Cerpen Ismi Aliyah
Babi yang Berdoa
JAUH di dalam hutan, seekor babi menyeret langkahnya sambil menahan nyeri. Satu peluru pemburu menembus tepat di kakinya.
JAUH di dalam hutan, seekor babi menyeret langkahnya sambil menahan nyeri. Satu peluru pemburu menembus tepat di kakinya. Dengan tenaga tersisa, dia mencoba menjauh dari kejaran anjing-anjing pemburu. Dia mendengar salak anjing-anjing itu seperti teriakan malaikat maut.
Tiba-tiba tubuh babi itu roboh. Dalam kepayahannya dia berdoa agar dirinya berubah menjadi apa saja. Namun, jika doa tidak terkabul lalu anjing-anjing serta para pemburu itu menemukannya, babi itu sangat tahu kejadian yang akan dia alami. Kematian.
Setelah babi itu mati, potongan tubuhnya tidak akan ada dalam kuali di atas tungku seperti kambing atau ayam. Dia juga yakin, jasadnya tidak dikuburkan dalam tanah seperti anjing-anjing pemburu itu. Jika tertangkap para pemburu, tempat yang pasti bagi mayatnya adalah kobaran api.
Babi itu tahu dia akan tertangkap, tapi bukan malam ini dia akan mati. Para pemburu akan membiarkan dia tetap hidup. Setidaknya sampai esok hari. Tubuhnya yang penuh luka akan digotong beberapa orang menuju perkampungan. Di sana, dia akan menghabiskan malam terakhir dalam kandang sampai siang yang ditunggu-tunggu warga kampung tiba.
Jika telah tengah hari, babi itu akan dibawa para pemburu ke sebuah tempat. Segenap warga kampung menyebut tempat itu arena. Di sana, dia harus melakukan pertandingan yang akan mengakhiri hidupnya. Pada pertandingan itu, dia tidak akan melawan babi lagi, tapi melawan anjing para pemburu.
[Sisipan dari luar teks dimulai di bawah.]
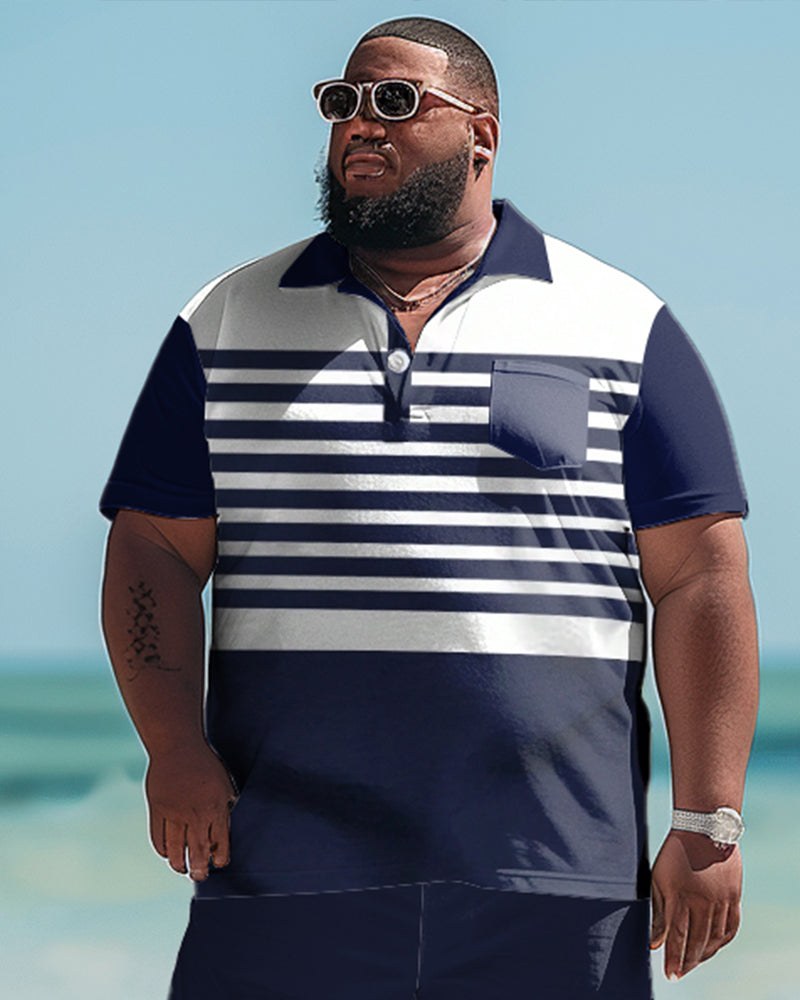 Big & Tall Colorblock Polo Shorts Set for big men view 2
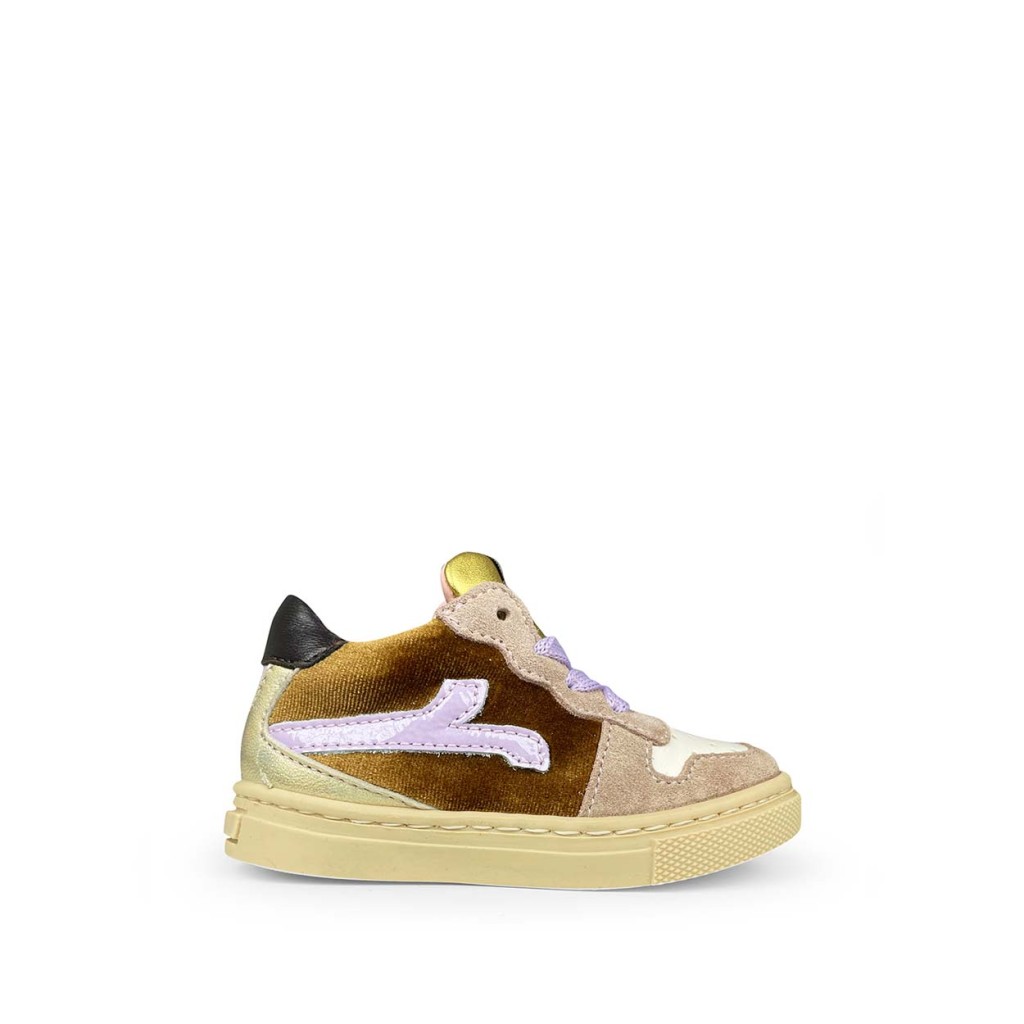 Rondinella - Beige sneaker met paars en bruin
Pertandingan itu jelas timpang. Bayangkan, seekor babi harus bertarung melawan anjing-anjing pemburu itu sambil menahan perih luka di tubuhnya. Tidak ada kemungkinan untuk menang, tapi babi itu masih bisa melawan untuk memperlambat kematian.
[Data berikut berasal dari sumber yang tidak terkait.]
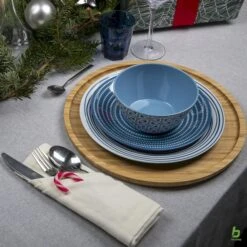 Bo-Camp Mix & Match Melamine Serviesset - 16-delig - Blauw -Buiten Kamperen Winkel 900 900 img 8833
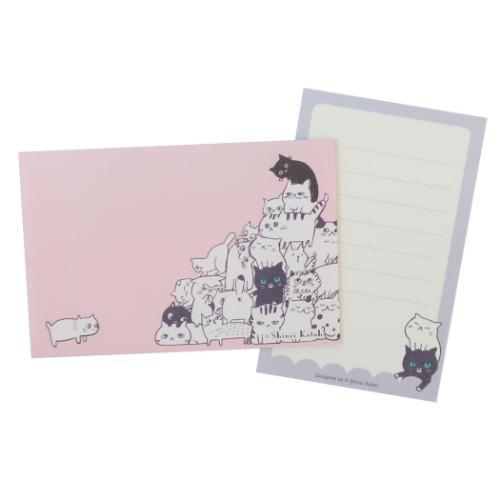 木野瀬印刷 ミニレターセット キャットヒル ML-01010 ピンク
Babi itu bisa mengetahui semua itu karena semua babi yang telah tertangkap selalu diperlakukan sama. Bahkan ada yang lebih parah. Pernah ada babi lain yang harus bertanding walau tubuh penuh luka gigitan anjing dan tembakan peluru. Lebih sial lagi, sepasang kakinya patah. Sungguh lawan empuk bagi para anjing.
Kini babi itu tahu ajalnya sudah dekat, saat dia mendengar keresek dan salak anjing makin mendekat.
**
DI hutan itu, babi memang hewan yang paling sering diburu selain burung, bajing, dan hewan buruan lainnya. Para warga memburu babi bukan untuk menjadikan mereka makanan atau persembahan, melainkan untuk sebuah hiburan yang bisa membuat mereka bahagia.
Pada mulanya, para warga kampung kesal karena babi sering merusak ladang mereka. Bahkan setiap tahun, selalu saja ada warga terserang penyakit yang berasal dari kotoran-kotoran babi itu. Jika salah satu warga telah jadi korban, para laki-laki dewasa kampung itu akan memburu babi-babi itu dan langsung membunuhnya di tempat.
Hari-hari berlalu, tapi babi-babi itu tetap merugikan mereka. Bahkan, pernah ada seorang anak meninggal karena diserang seekor babi. Para warga kampung kemudian bermusyawarah agar babi-babi itu dibuat lebih menderita. Mereka akhirnya sepakat membuat pertandingan yang tidak pernah dimenangkan babi.
Warga kampung itu kemudian membuat sebuah arena di perbatasan antara kampung dan hutan. Selain sepi, tempat itu dipilih agar para babi yang belum tertangkap warga mendengar jerit kesakitan kawannya yang sedang bertanding.
Seiring berjalannya waktu, arena tersebut bukan hanya jadi tempat penyiksaan babi. Adanya arena itu membuat para warga memiliki penghasilan tambahan. Para warga mengadu keberuntungan masing-masing dengan berjudi. Perjudian itu tidak memilih siapa yang menang antara anjing dan babi, tapi pada menit keberapa babi itu akan mati. Selain itu, jika warga memiliki anjing yang dapat mengalahkan babi paling cepat atau menerkam kuping babi sekali gigit, dia bisa menjual anjingnya dengan harga mahal.
Begitulah, semenjak saat itu para warga kampung tidak hanya menyuburkan kebun untuk bertahan hidup, tapi agar mereka tetap dapat berjudi.